We a quick to remind the media that we are the only other Catholic school playing FBS football. It is part of our identity. Therefore playing other Catholic schools should be important to us. BC has long used football as a tool to associate with like-minded Universities (think Northwestern, Stanford, etc.). Playing other Catholic schools reinforces that idea. Plus we have a football history with these programs.

Candidates who move up to the full allotment of scholarships
Holy Cross
Central Connecticut State
Sacred Heart
San Diego
St. Francis

BC cannot count an FCS win towards bowl eligibility if the school does not offer a full allotment of FCS-level scholarships. That leaves out the Ivy League and puts the future games with Rhode Island in jeopardy. But all the schools listed above have explored using 63 football scholarships. If any do make the commitment we should support them under the same reasoning I stated before. I don't think Bryant or St. Francis will excite many people, but that is the right thing to do.
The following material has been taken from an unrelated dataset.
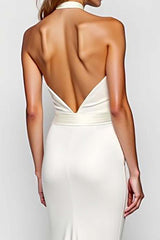 Mermaid Backless White Halter Long Formal Dress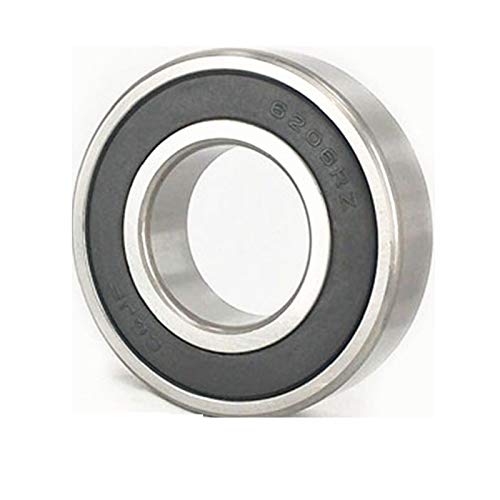 JUN-STORE Rodamientos de bolas 1 unidad 6206-2RZ de alta velocidad de precisión 6206-2RZ 30 x 62 x 16 mm, acero biselado de alta velocidad y bajo ruido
Playing Holy Cross and Georgetown on a regular basis would be ideal. 


mod34b said...

Once UConn and UMass return to their rightful FCS level, we might consider scheduling a game with those programs too.

Sal said...

I think Georgetown, Nova, Fordham, and New Hampshire are the ideal four, with Holy Cross obviously back in the mix now that they're moving back to max. scholarships. We have a great history with Gtown, Fordham, and the Cross, while Nova (also Catholic)/UNH represent two of the stronger northeast-FCS schools. Stony Brook is up there as well in terms of stronger northeast FCS programs, so I wouldn't mind seeing them on the schedule either (if any of the top 5 are out, of course). I think the point, like ATL said, is to keep it as geographically/historically/religiously relevant as possible. All besides Georgetown are in the Northeast, but the Jesuit/history factor is there for the Hoyas.

Coast said...

Why in the world is playing an FCS school a necessary evil? Why can't we at least play FBS schools?

The younger generation does not care one lick about Maine, New Hampshire, or Rhode Island. They sure as you-know-what won't care for games against Bryant, Sacred Heart, or St. Francis.

I would LOVE a series against UConn. I don't know why UMass is off the table simply because they are FBS now.

I would much rather play a basement AQ school than an FCS school. And if this is about selling tickets and making money at a home game, please tell me exactly how much we stand to make on a home game against some New England also-ran versus a home-and-home against a school with a name.